For me, my love affair with Star Wars, and its characters, started with the film release in 1977. I was 29 at the time and already a Star Trek fan. Like a lot of other folks I enjoyed the movie and read the books. With a job and a family I had to limit my adventures “In a galaxy far, far, away” and “Where no man has gone before” to collecting the books, dvd’s, and Hallmark figures when I could get them at ½ price sales. I have an extensive paperback book collection that I assembled so I’d have something to read when I was “retired”. I also picked up a set of plastic models, from both universes, when KB Toys, now out of business, ran a buy one get one at ½ price sale that I just couldn’t resist.
Fast forward to 2008. I retired in 2003 and have been enjoying the retirement by reading many of those books I purchased “way back when” as well as trying to keep up with the new stories as they come out. I picked up the May 2008 copy of Servo Magazine that featured the R2 Builder’s Club and pictures of R2D2 on the front cover. The May 2008 issue of Nuts & Volts magazine had an article in the Personal Robotics column that featured the R2 Builder’s Club as well. I couldn’t wait to get home and log in to the R2BC website. Not only were there people building their own R2 units, they had published pictures, plans and tutorials. Now I could build my own!
Retirement and age, however, brought different limitations. I couldn’t justify spending more than $5000 for an aluminum droid. Nor would I be able to lift a droid weighing more than 100 pounds if I wanted to transport it anywhere. I’ve been reading the R2BC message digest ever since that day in May. Two significant things have changed. First, it’s now possible to get acrylic domes for R2’s head for around $100. Second, just when I was going to ask if anyone had ever thought about building a droid in plastic, Dave Everett published plans for a “Styrene Droid”.

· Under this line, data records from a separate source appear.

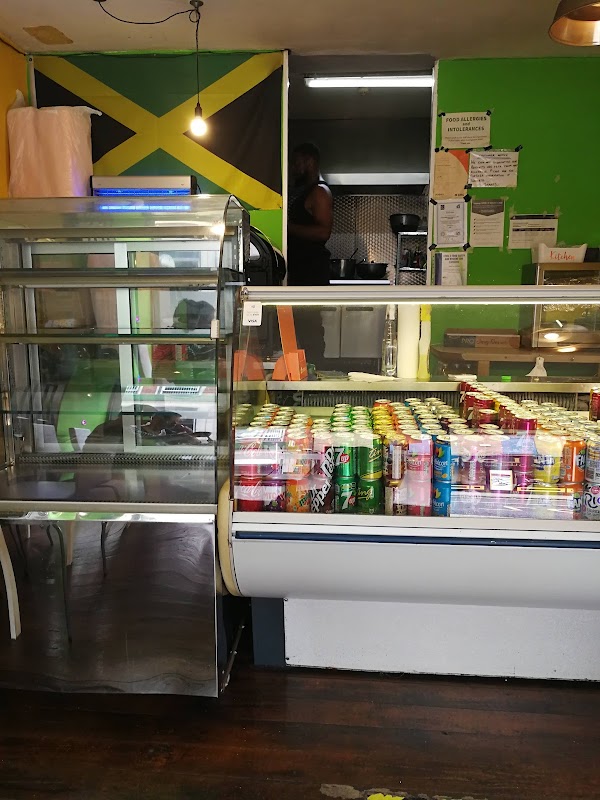 Shaun's Authentic Caribbean Uptown Takeaway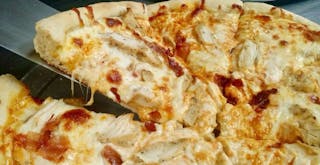 The Arizona Ranch Pizza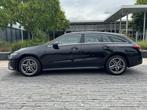 Mercedes-Benz CLA-Klasse AMG-LINE / PLUG-IN HYBRIDE / Shooti, Gebruikt, 4 cilinders, 1650 kg, Zwart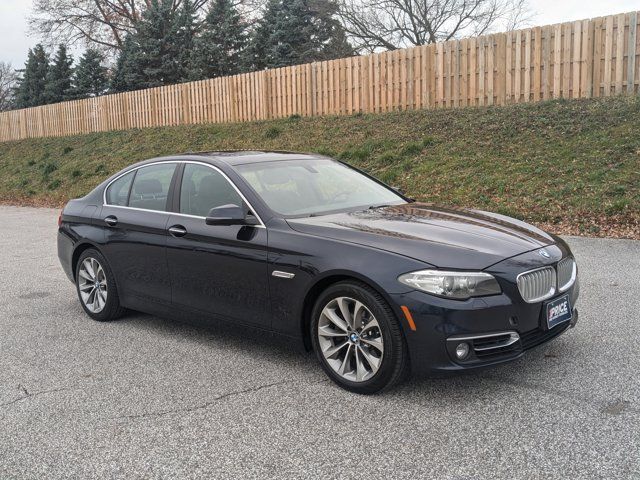 2014 BMW 5 Series 528i xDrive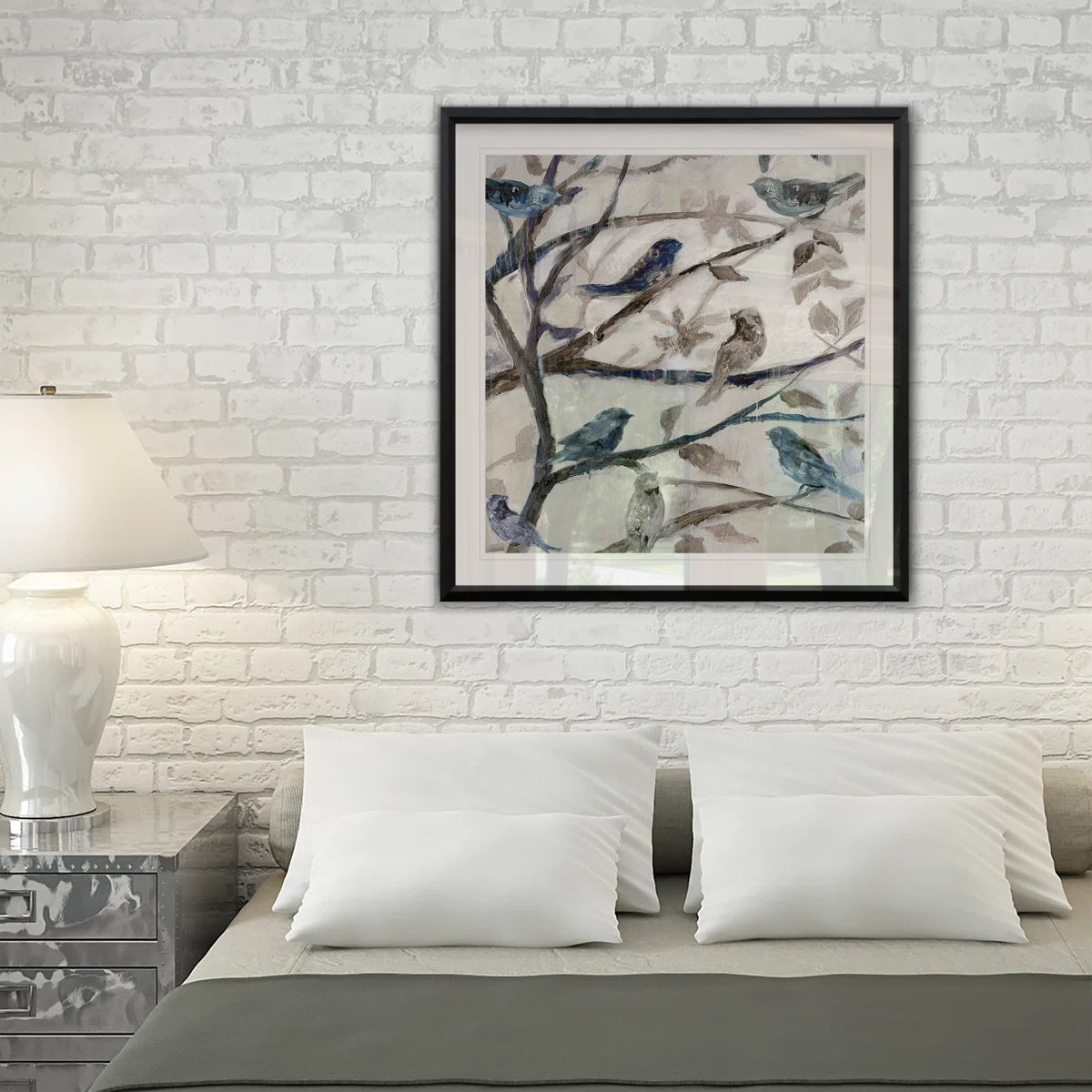 " Morning Song I "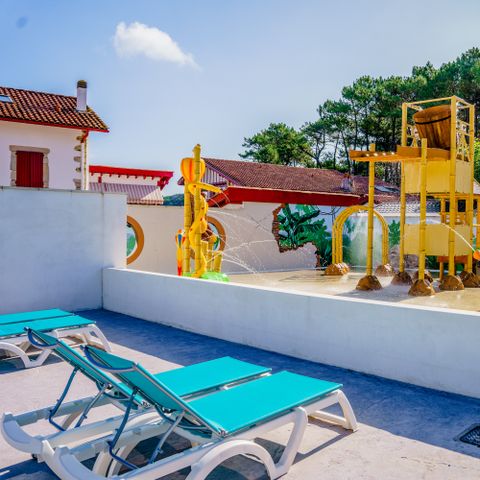 Camping Paradis - La Ferme Erromardie - Camping Pyrénées-Atlantiques - Afbeelding N°6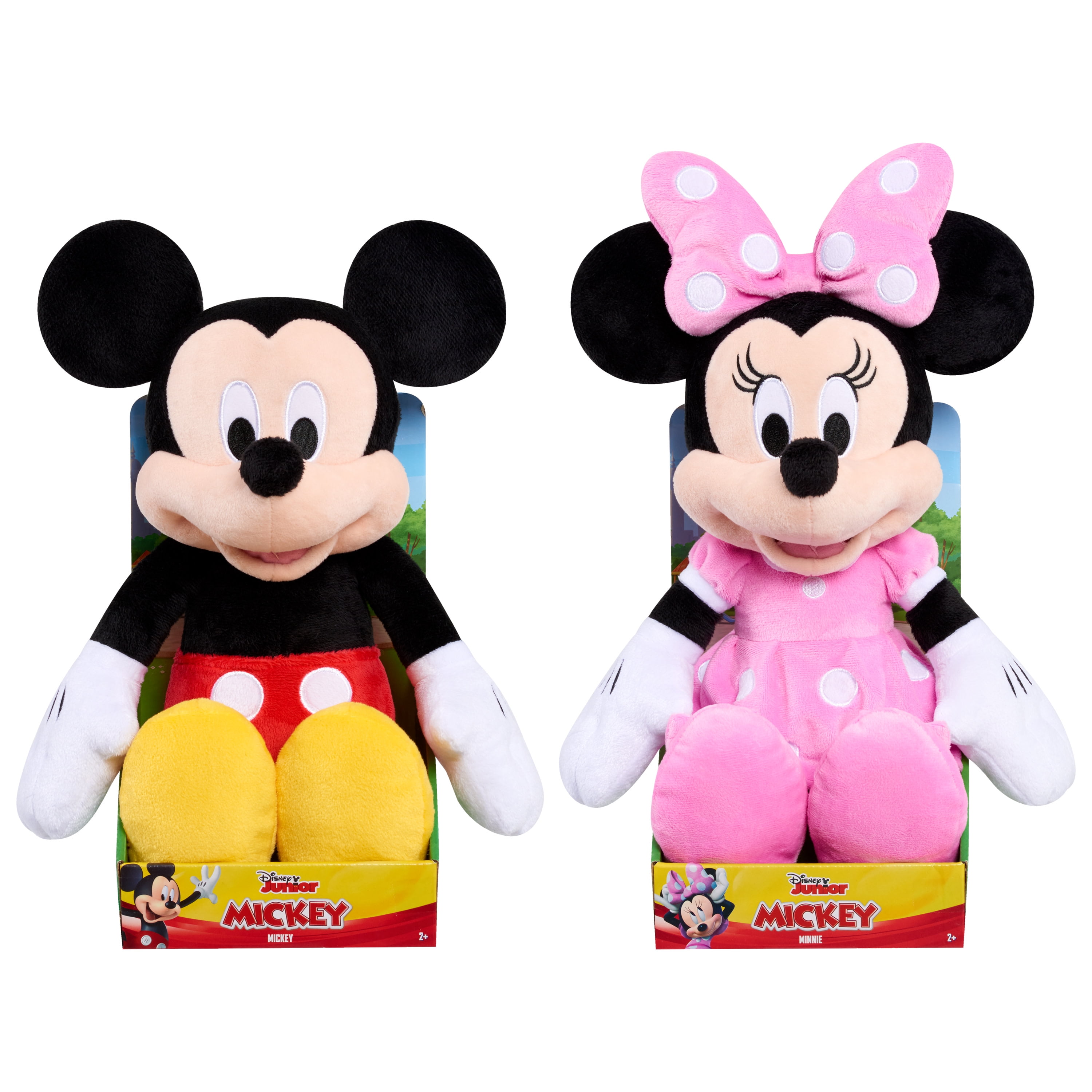 ぬいぐるみ Minnie mouse AND Teddy Teddy of Disney s-l1200.jpg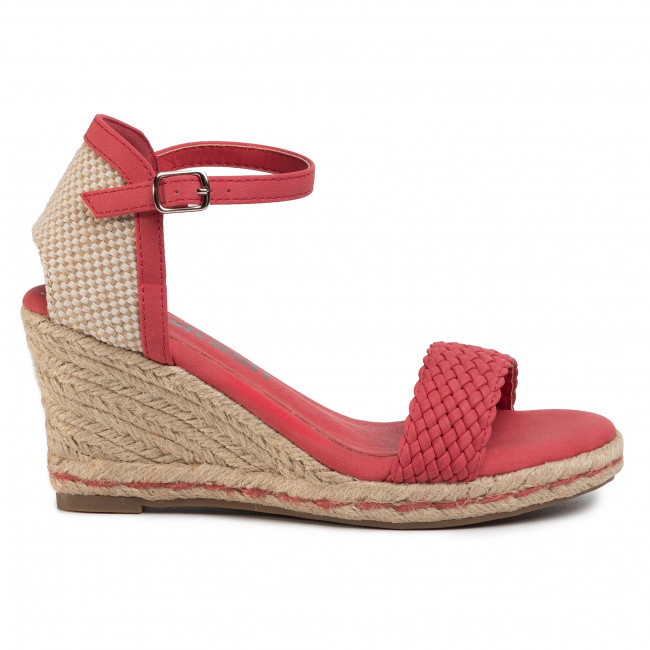 Espadryle REFRESH – 69485  Red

The publication of plastic droid plans and the availability of affordable domes put an R2 unit within my theoretical reach. I’m pretty sure, however, that my fabrication skills are not up to the job. How do I know? Simple. I once cut off a small (very small) part of the tip of my index finger while using an Xacto knife to cut cardboard. I was using a steel rule to guide the knife; it’s just that my fingertip was on the wrong side of the cutting edge! Duh!!! It was a stupid mistake. Not one I’m likely to repeat. I hope. Ok, I’m not totally incompetent with tools. However, getting several pieces of styrene cut by hand to come out exactly the same size is going to be a challenge. I started looking for a CNC solution.